R = euler2rotm([roll, pitch, yaw])    # (3,) → (3, 3) rotation matrix
angles = rotm2euler(R)                 # (3, 3) → (3,) back to Euler
quat = rotm2quat(R)                   # (3, 3) → (4,) quaternion [w, x, y, z]

ZYX convention throughout. Consistent with Cosmos and the URDF standard.

State-to-Action Conversion

from neon.data.relative_actions import states_to_relative_actions

actions = states_to_relative_actions(
    arm_states=ee_poses,          # (T, 6) [x, y, z, roll, pitch, yaw]
    gripper_states=gripper_widths, # (T,) [0=open, 1=closed]
    action_scaler=20.0,           # Cosmos default normalization
)
# → (T-1, 7) relative actions

Bridge Dataset API

Compatible with Cosmos/Bridge data format out of the box:

from neon.data.relative_actions import get_action_sequence_from_states

actions = get_action_sequence_from_states(
    data={"state": [...], "continuous_gripper_state": [...]},
    fps_downsample_ratio=2,  # 30fps source → 15fps target
    action_scaler=20.0,
)

The Action Scaler

Cosmos uses a scale factor of 20.0 for action deltas. Raw EE displacements are tiny — millimeters.

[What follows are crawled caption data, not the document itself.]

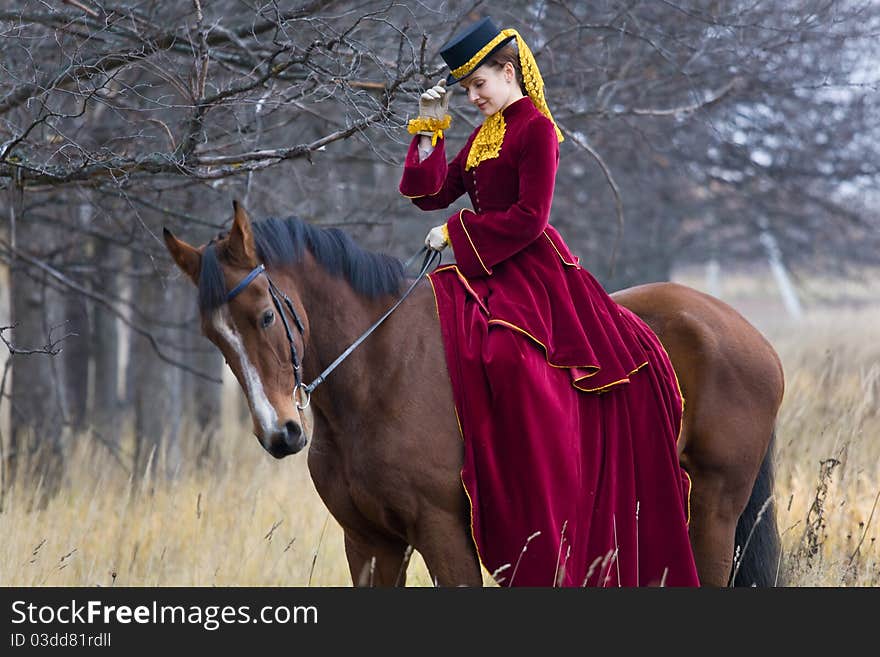 Horsewoman in vintage stylized suit.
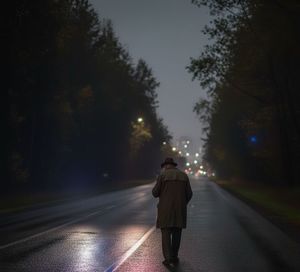 starszy mężczyzna idący nocą  jezdnią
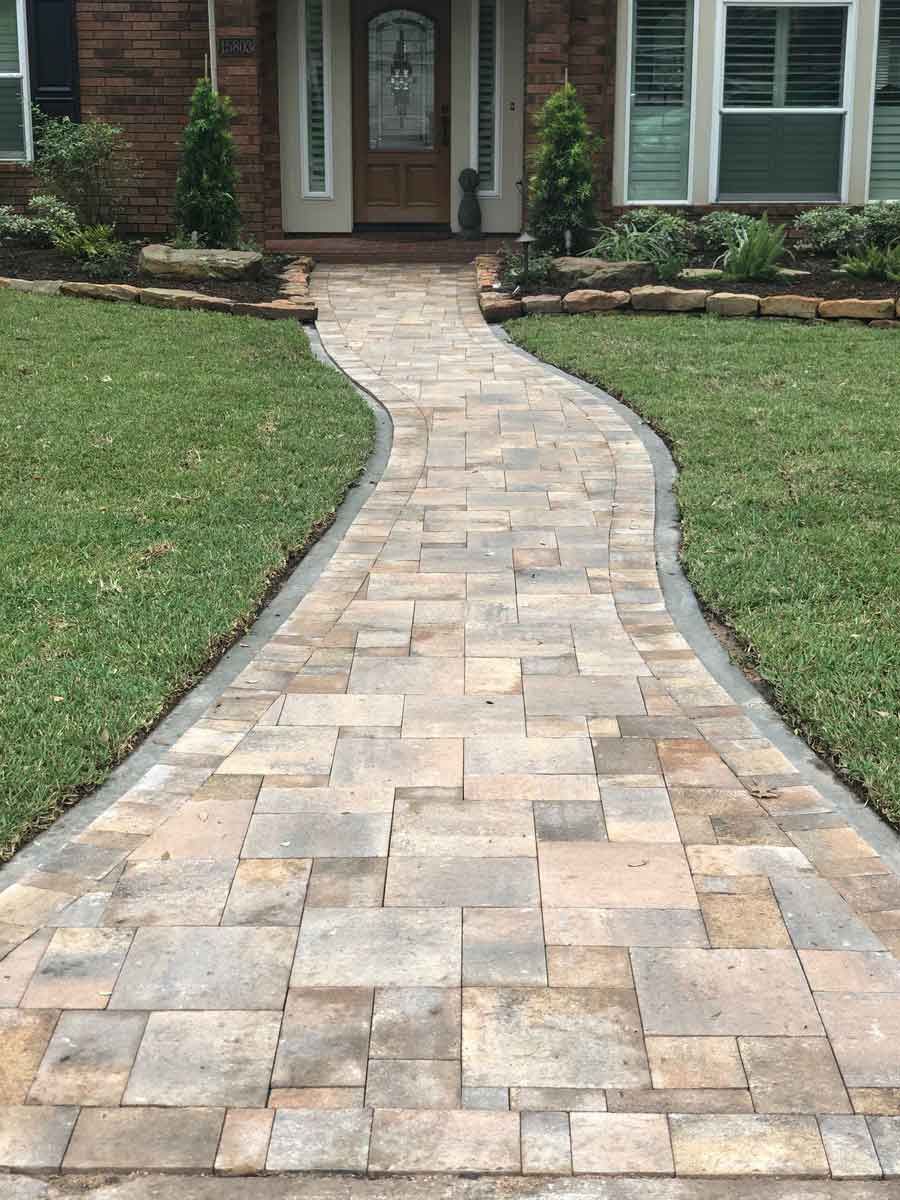 Long pathway in square limestone for entrance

Scaling to a neural-network-friendly range:

raw Δx = 0.002 meters (2mm)
scaled  = 0.002 × 20.0 = 0.04  (network-friendly range)

Configurable via DataSourceConfig(action_scaler=20.0).


Integration with Data Soup

The cosmos_dreamgen source type automatically uses relative actions:

DataSourceConfig(
    name="cosmos-bridge",
    type="cosmos_dreamgen",
    path="/data/bridge",
    weight=2.0,
    use_relative_actions=True,
    action_scaler=20.0,
    camera_ids=["head", "hand_0", "hand_1"],
)

Supports local data (videos/ + annotations/*.json) and HuggingFace datasets (nvidia/GR1-100, NVIDIA/GR00T-Dreams-GR1).